How Ontario Regulation 332/08 binds OMVIC dealers and salespeople: integrity, disclosure, accountability, and the discipline committee process.

The Code of Ethics that governs Ontario’s registered motor vehicle dealers is not a voluntary set of values. It is a regulation, Ontario Regulation 332/08 under the Motor Vehicle Dealers Act, 2002, and every word of it has the force of law. Sections 3 through 9 set the conduct standards; sections 10 through 22 build the discipline committee and the appeals committee that enforce those standards. Section 2 of the regulation states it bluntly: the rules apply despite any contract or waiver to the contrary, so a registrant cannot sign their way out of them.

The Code binds every registrant. That term covers a registered motor vehicle dealer (a corporation, partnership, or sole proprietor) and every registered salesperson the dealer employs or retains. Officers and directors of a corporate dealer who actually trade in vehicles are themselves registrants and personally bound by the Code. Most discipline cases OMVIC publishes turn on a section of this regulation rather than on the parent Act.

What this category covers

This category tests the seven conduct duties in sections 3 through 9 of Ontario Regulation 332/08, the dealer’s responsibility for the conduct of their staff, and the discipline committee process that follows when a registrant breaches the Code. The wholesale disclosure list in section 5 is tested separately under the wholesale disclosure category, but you should still recognise that it lives in the Code.

Key rules to remember

Integrity (section 3)

A registrant must be financially responsible in carrying on business. A registrant must never tell anyone, directly or indirectly, that a payment, commission, or other amount tied to a vehicle trade is fixed or approved by OMVIC, by a government authority, or by any motor vehicle association. Documentation fees, financing rates, and admin charges are set by the dealer, not by the regulator, and saying otherwise is a section 3 breach.

Clear and truthful disclosure and marketing (section 4)

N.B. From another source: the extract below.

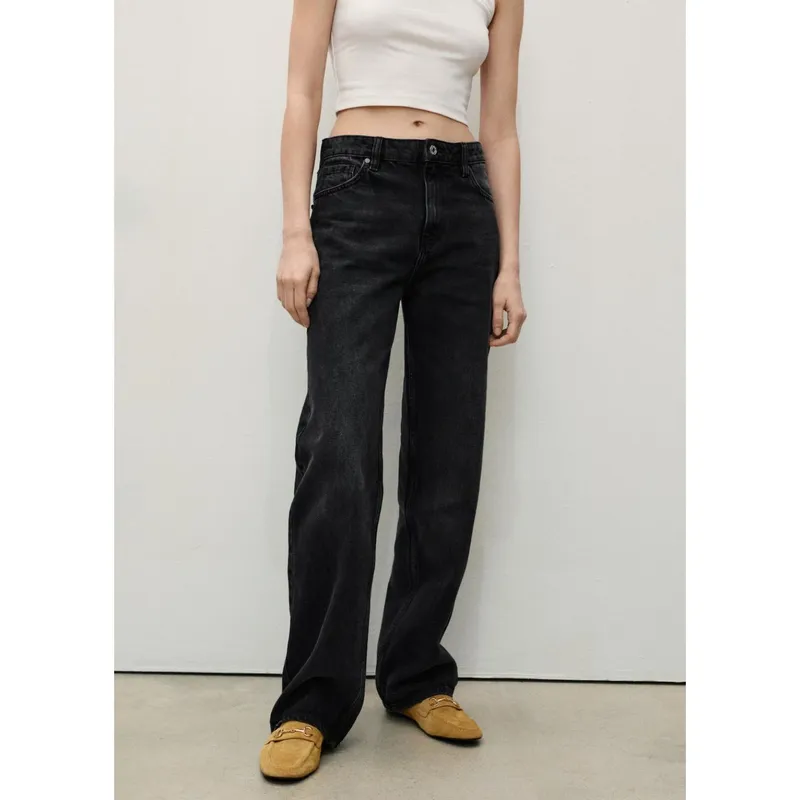 MANGO - Jean Straight Tiro Alto Mujer Mango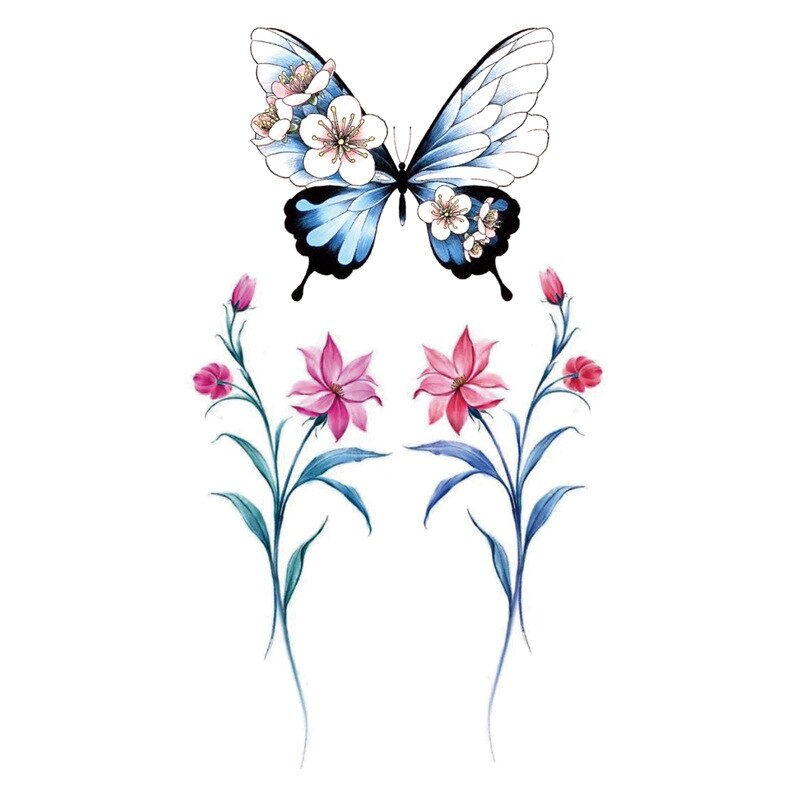 Miniature : 1pcs Temporary Tattoo Stickers Men Women Flower Rose Moon Butterfly Water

Every description of a vehicle’s features, benefits, and price must be clear and truthful. Every representation made on behalf of the dealer, including advertising, must be legal, decent, ethical, and truthful. Before the dealer enters a contract with a retail customer, the dealer must explain the terms of that contract, including the customer’s financial and other obligations. A salesperson who hands a customer a stack of paper to sign without walking through the financial terms has broken section 4(3).

Wholesale disclosure (section 5)

Section 5 sets out the list of facts a dealer must disclose in the contract when selling or leasing a vehicle to another registered dealer. The list includes total kilometres, prior daily-rental, taxi, limousine, police, or emergency-services use, fire damage, flood damage, structural damage, total-loss declaration, branded titles under section 199.1 of the Highway Traffic Act, and any incident with repair costs over $3,000. Dealer-to-dealer disclosure feeds retail disclosure: if the upstream dealer hides a fact, the downstream dealer cannot disclose it to the customer.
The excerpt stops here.